Success for OWN is relative. Last year, 325,000 people watched the channel on a typical night, 160,000 of whom were 25 to 54 years old. About 50 broadcasters and cable channels had a bigger audience. But OWN was up about 30 percent over its first year, 2011.
Publicly, the low point for the channel seemed to come in March 2012, when the channel decided to lay off 30 employees, about 20 percent of its work force. The layoffs and the cancellation of a talk show by Rosie O’Donnell helped the channel to save $50 million a year and achieve profitability more quickly.
But Discovery was hounded by questions about whether the channel was going to be shut down, and the sour headlines stung Ms. Winfrey, who a week later, on “CBS This Morning,” said: “Had I known that it was this difficult, I might have done something else.”

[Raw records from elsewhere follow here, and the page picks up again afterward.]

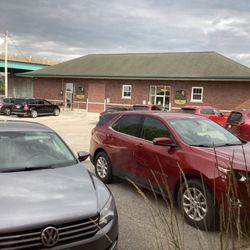 Amtrak Station Effingham - A Barber Shop and School of Cosmetology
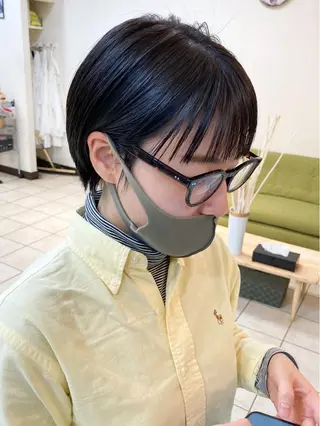 ショート カラー 樋野 亮のヘアスタイル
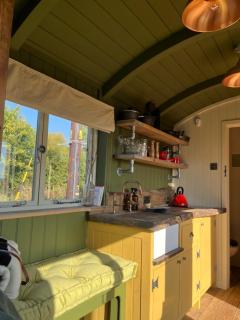 'Bramley' Hut on private farm - 4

By then, OWN was beginning to rebound from its ratings lows. Behind the scenes, the low point actually came 10 months earlier, in May 2011, when Ms. Winfrey and Discovery dismissed the channel’s founding chief executive, Christina Norman.
That was a signal that the venture was in real trouble — the channel’s ratings at the time were lower than those of the obscure health channel it had replaced — and needed saving. Three months later, Ms. Winfrey, now finished with her daytime talk show, took over as chief executive and named Mr. Logan and Ms. Salata as presidents.
“We’ve always said to ourselves, ‘Slow and steady, slow and steady,’ ” Mr. Logan said in a phone interview on Wednesday.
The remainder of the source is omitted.